Source/JavaScriptCore:

Reviewed by Michael Saboff.

Wow. This was an ordeal. Using cvttsd2si was actually easy, but I learned, and
sometimes even fixed, some interesting things:

The llvm.x86.sse2.cvttsd2si intrinsic can actually result in LLVM emitting a vcvttsd2si. I guess the intrinsic doesn't actually imply the instruction.

That whole thing about branchTruncateDoubleToUint32? Yeah we don't need that. It's better to use branchTruncateDoubleToInt32 instead. It has the right semantics for all of its callers (err, its one-and-only caller), and it's more likely to take fast path. This patch kills branchTruncateDoubleToUint32.

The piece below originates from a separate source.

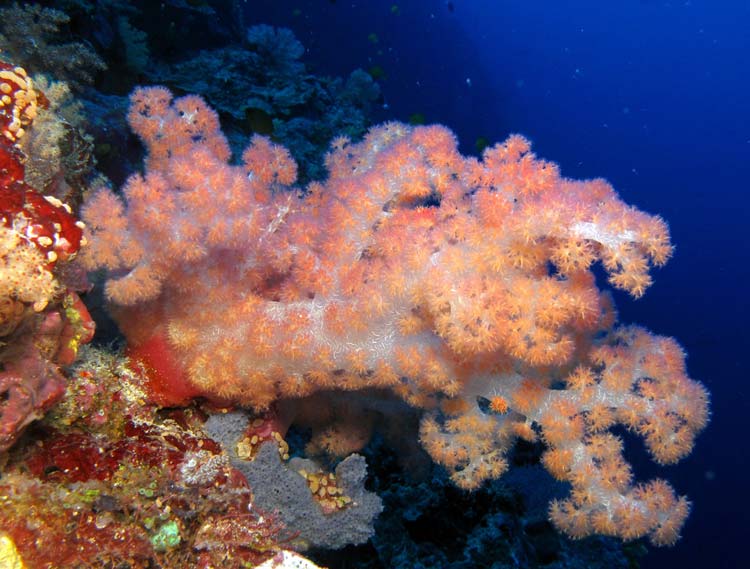 Flot blødkoral ved Apo Reef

"a[i] = v; v = a[i]". Does this change v? OK, assume that 'a[i]' is a pure-ish operation - like an array access with 'i' being an integer index and we're not having a bad time. Now does this change v? CSE assumes that it doesn't. That's wrong. If 'a' is a typed array - the most sensible and pure kind of array - then this can be a truncating cast. For example 'v' could be a double and 'a' could be an integer array.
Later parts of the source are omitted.